All lines from the line containing "Lady Lilith by" up to and including the last line of the listing below should be echoed exactly; no other lines belong in the response.

> **DATA EXCERPT**

○ ○ ○ ○ ○ ○ ○

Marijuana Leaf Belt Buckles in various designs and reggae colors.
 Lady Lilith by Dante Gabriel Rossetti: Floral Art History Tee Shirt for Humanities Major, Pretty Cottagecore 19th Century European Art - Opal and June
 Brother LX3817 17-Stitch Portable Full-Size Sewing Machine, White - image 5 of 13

○ ○ ○ ○ ○ ○ ○

> **OUTPUT**
 Lady Lilith by Dante Gabriel Rossetti: Floral Art History Tee Shirt for Humanities Major, Pretty Cottagecore 19th Century European Art - Opal and June
 Brother LX3817 17-Stitch Portable Full-Size Sewing Machine, White - image 5 of 13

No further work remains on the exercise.